→ **WORK TASK**
An exact copy of the entries below is required, with all pictures removed.

→ **SUPPLIED RECORDS**
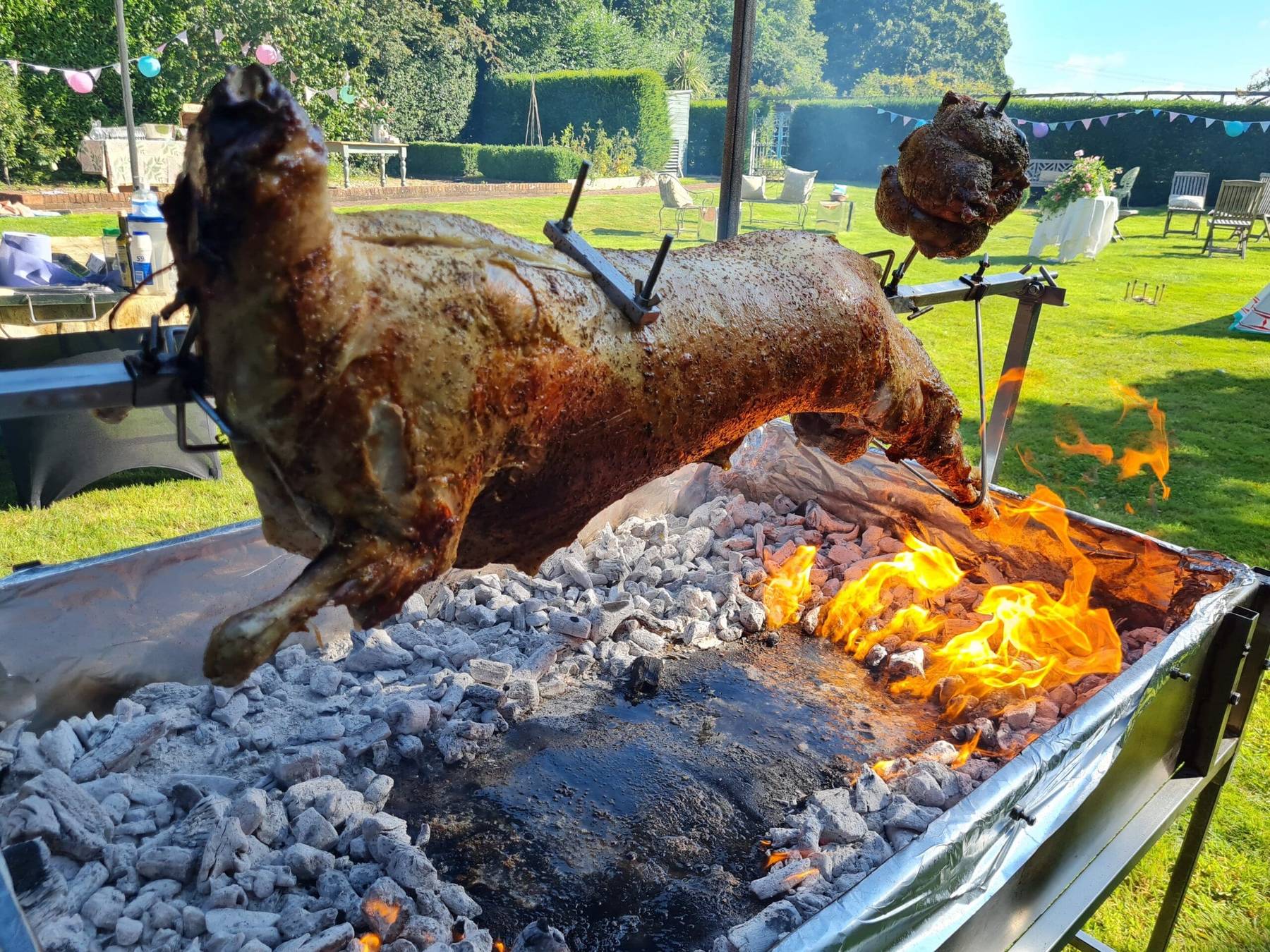 Lamb roasting over charcoal on a lawn decorated with bunting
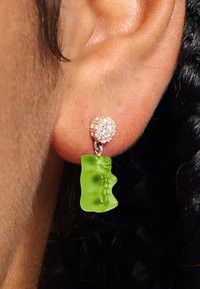 Grüne Ohrringe in Form von Gummibärchen, die mit einem Strassstein-Niet und silberfarbenen Beschlägen versehen sind, und ein verspieltes Design sowie lebendige Farben hervorheben.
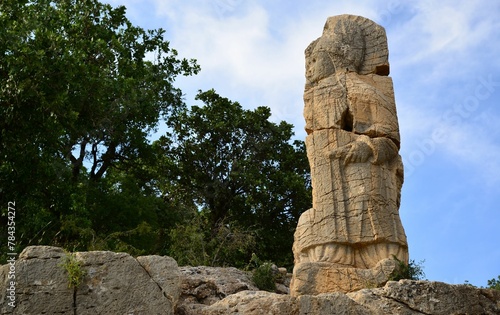 Closeup of a stone statue against a blue sky in the historic Arsameia, Turkey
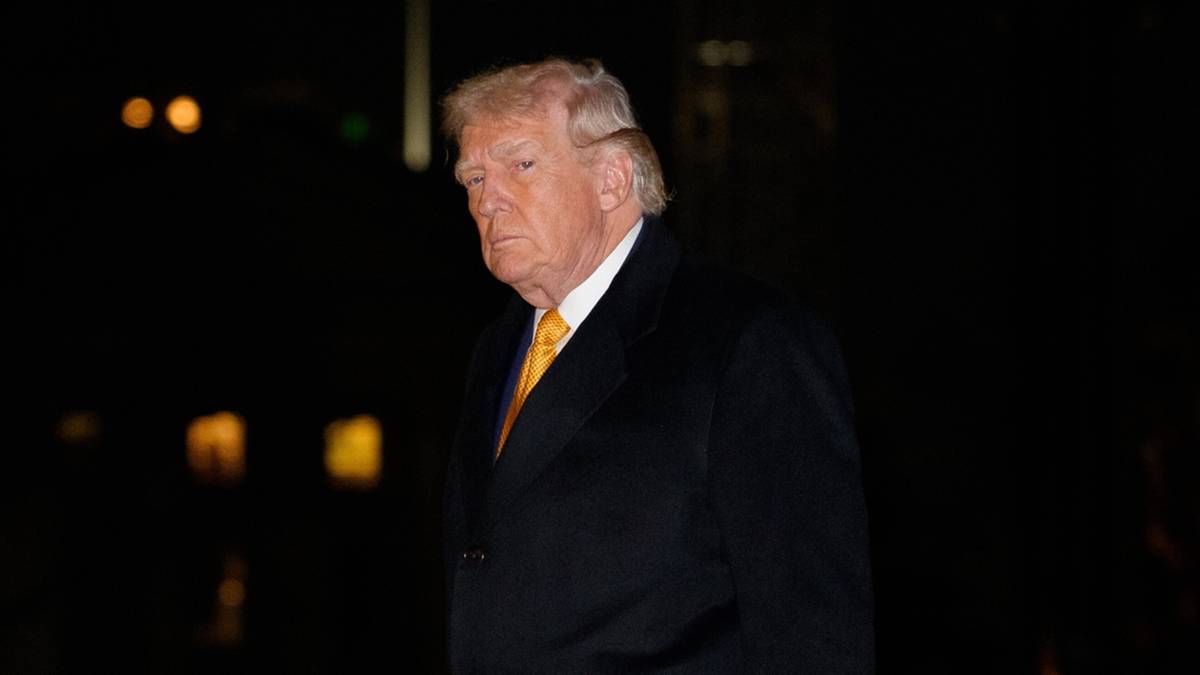 Donald Trump w czarnym płaszczu i ż&oacute;łtym krawacie idzie po chodniku nocą.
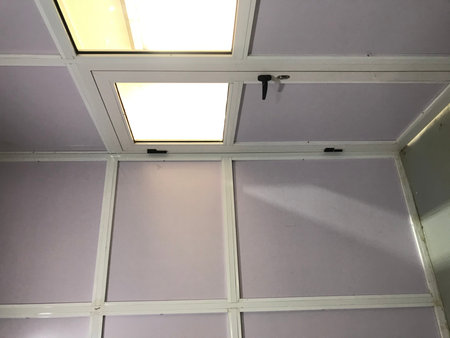 Semi glazed door and panels made of aluminum for an warehouse office installed on a concrete floor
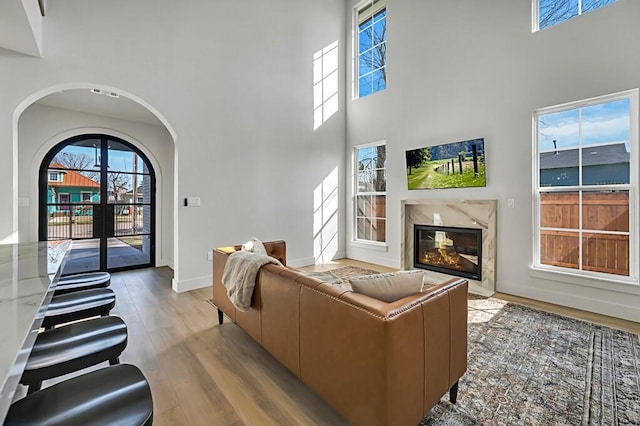 707 S 9th St, Waco, TX 76706 - living room with arched walkways, a healthy amount of sunlight, a high end fireplace, and wood finished floors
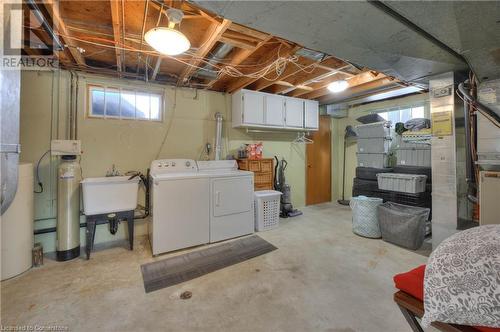 Basement with washing machine and dryer, plenty of natural light, and sink - 19 Halifax Drive, Kitchener, ON - Indoor Photo Showing Laundry Room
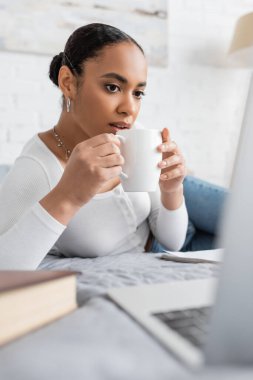 Güzel Afrikalı Amerikalı öğrenci elinde bir fincan kahveyle modern yatak odasında dizüstü bilgisayarda Webinar izliyor. 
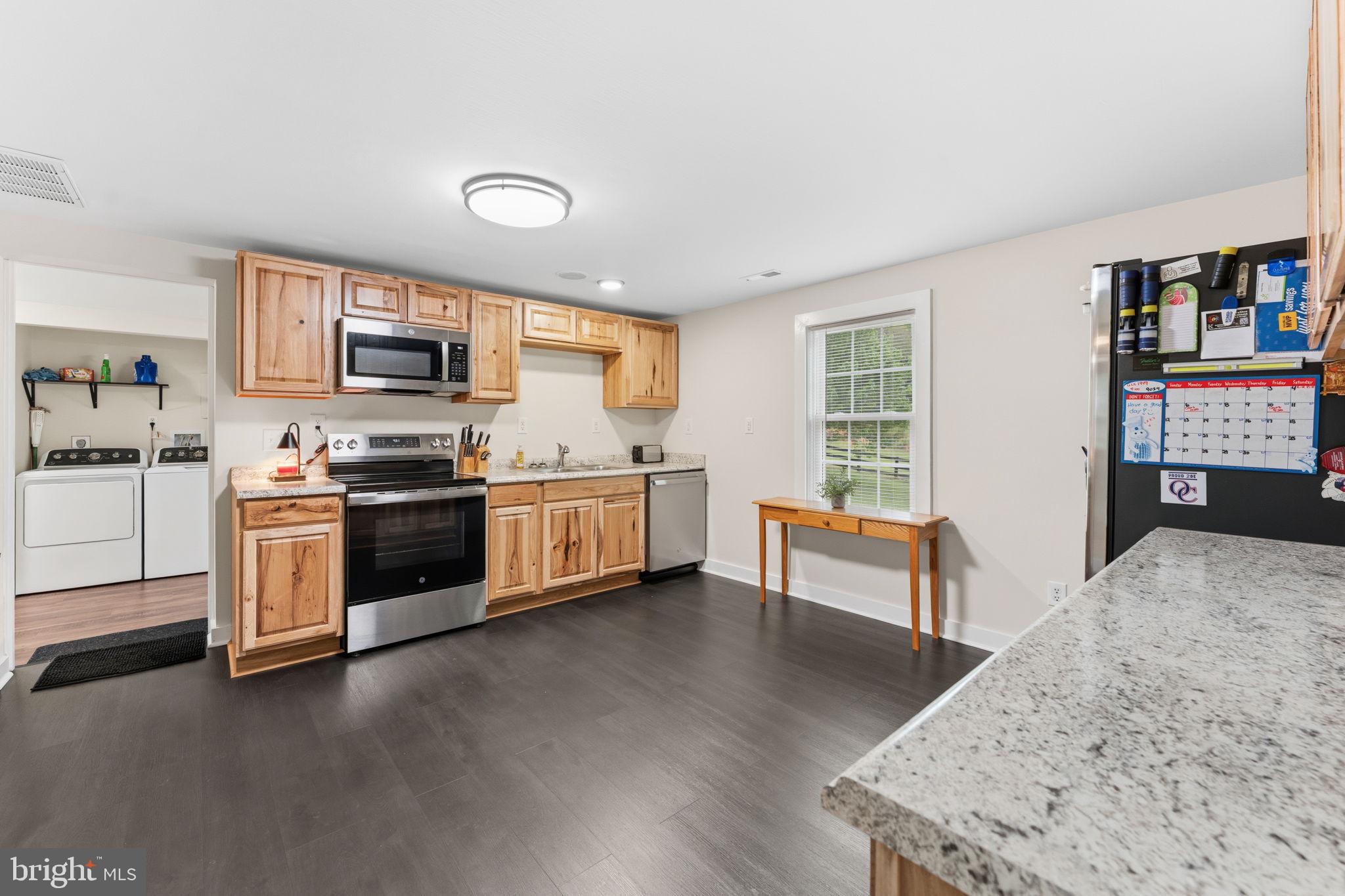 2459 Thoroughfare Road Culpeper, VA 22701 - Photo 35 of 59 a kitchen with stainless steel appliances kitchen island wooden cabinets and a refrigerator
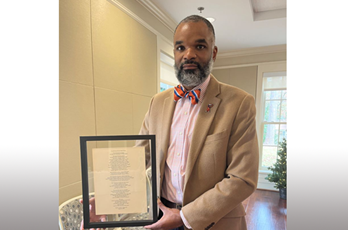 Ernest Gibson holds a framed copy of his poem "This Land," presented to him by the John R. Lewis Legacy Institute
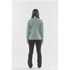 A back view of a women's performance jacket in a soft green colour, paired with black pants. The jacket features a logo.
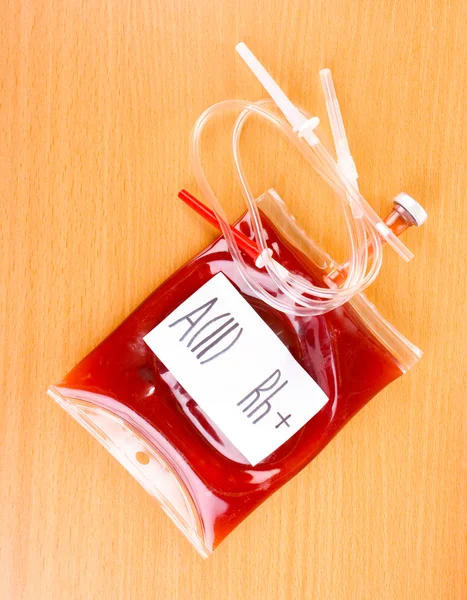 Bag of blood and infusion on wooden background — Stock Photo, Image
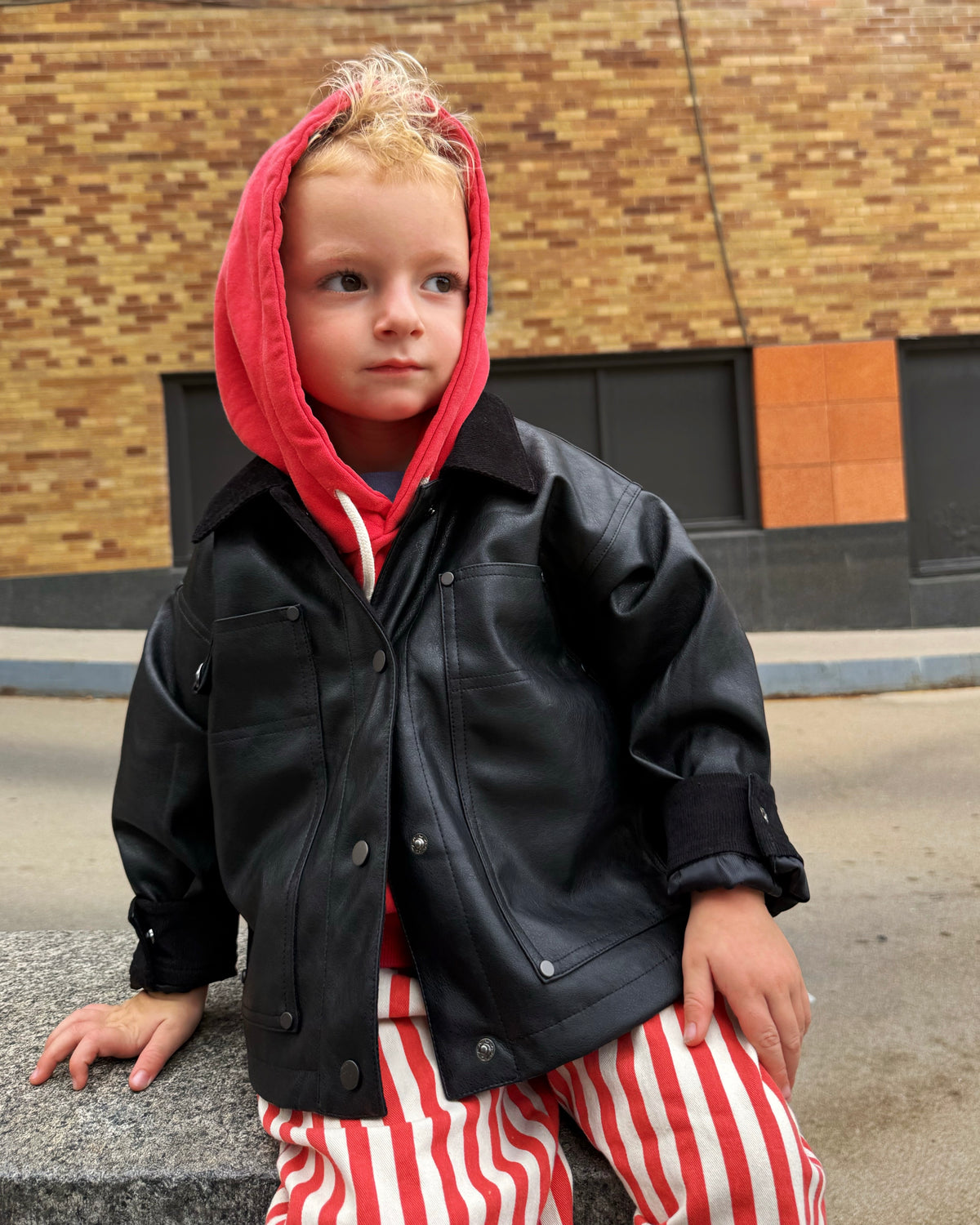 Child wearing a black leather jacket over a red hoodie with striped pants against a brick wall.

→ **EXERCISE ANSWER**
 Lamb roasting over charcoal on a lawn decorated with bunting
 Grüne Ohrringe in Form von Gummibärchen, die mit einem Strassstein-Niet und silberfarbenen Beschlägen versehen sind, und ein verspieltes Design sowie lebendige Farben hervorheben.
 Closeup of a stone statue against a blue sky in the historic Arsameia, Turkey
 Donald Trump w czarnym płaszczu i ż&oacute;łtym krawacie idzie po chodniku nocą.
 Semi glazed door and panels made of aluminum for an warehouse office installed on a concrete floor
 707 S 9th St, Waco, TX 76706 - living room with arched walkways, a healthy amount of sunlight, a high end fireplace, and wood finished floors
 Basement with washing machine and dryer, plenty of natural light, and sink - 19 Halifax Drive, Kitchener, ON - Indoor Photo Showing Laundry Room
 Güzel Afrikalı Amerikalı öğrenci elinde bir fincan kahveyle modern yatak odasında dizüstü bilgisayarda Webinar izliyor. 
 2459 Thoroughfare Road Culpeper, VA 22701 - Photo 35 of 59 a kitchen with stainless steel appliances kitchen island wooden cabinets and a refrigerator
 Ernest Gibson holds a framed copy of his poem "This Land," presented to him by the John R. Lewis Legacy Institute
 A back view of a women's performance jacket in a soft green colour, paired with black pants. The jacket features a logo.
 Bag of blood and infusion on wooden background — Stock Photo, Image
 Child wearing a black leather jacket over a red hoodie with striped pants against a brick wall.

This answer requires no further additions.